> About this exercise: Among the entries below, which lines run from the line with "股票风险投资率（股票质押率）" through the line with "日の出_大台ケ原_2013yaotomi_7s.jpg"? Retype those, both ends included, exactly and without pictures.

> Data provided:
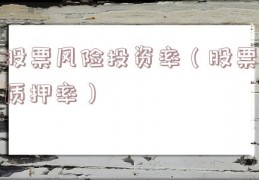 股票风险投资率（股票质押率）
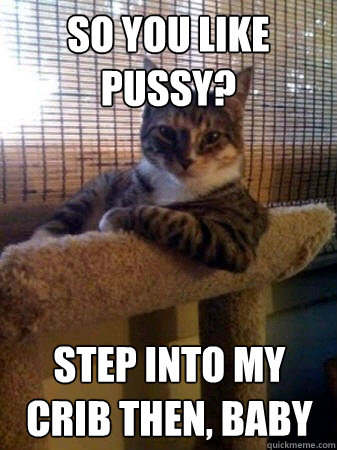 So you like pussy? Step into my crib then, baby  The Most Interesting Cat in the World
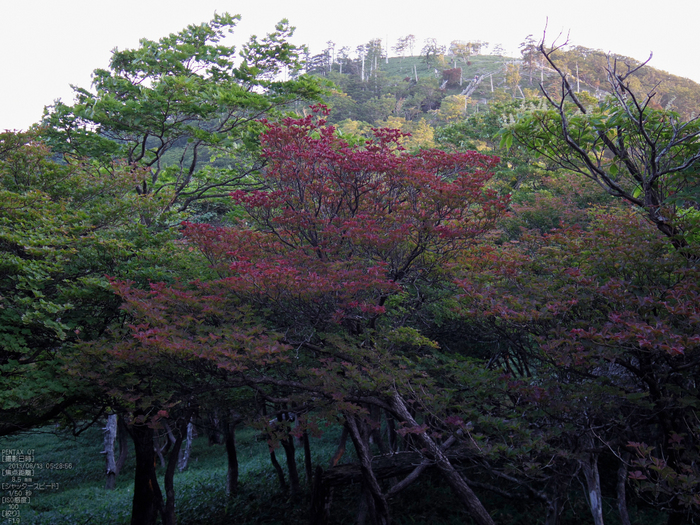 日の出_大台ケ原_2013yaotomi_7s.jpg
==
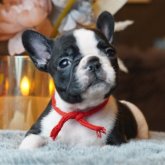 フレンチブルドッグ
==
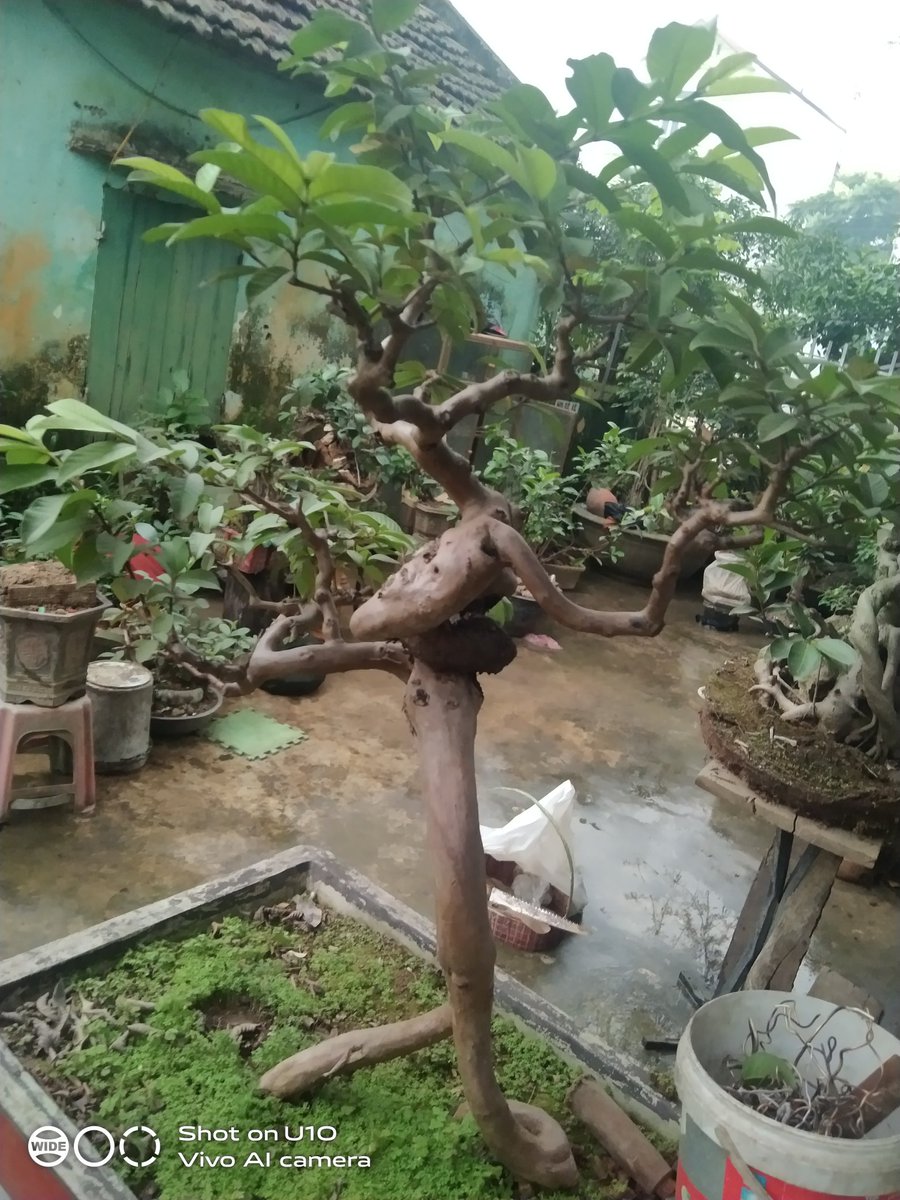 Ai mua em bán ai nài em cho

> Expected output:
 股票风险投资率（股票质押率）
 So you like pussy? Step into my crib then, baby  The Most Interesting Cat in the World
 日の出_大台ケ原_2013yaotomi_7s.jpg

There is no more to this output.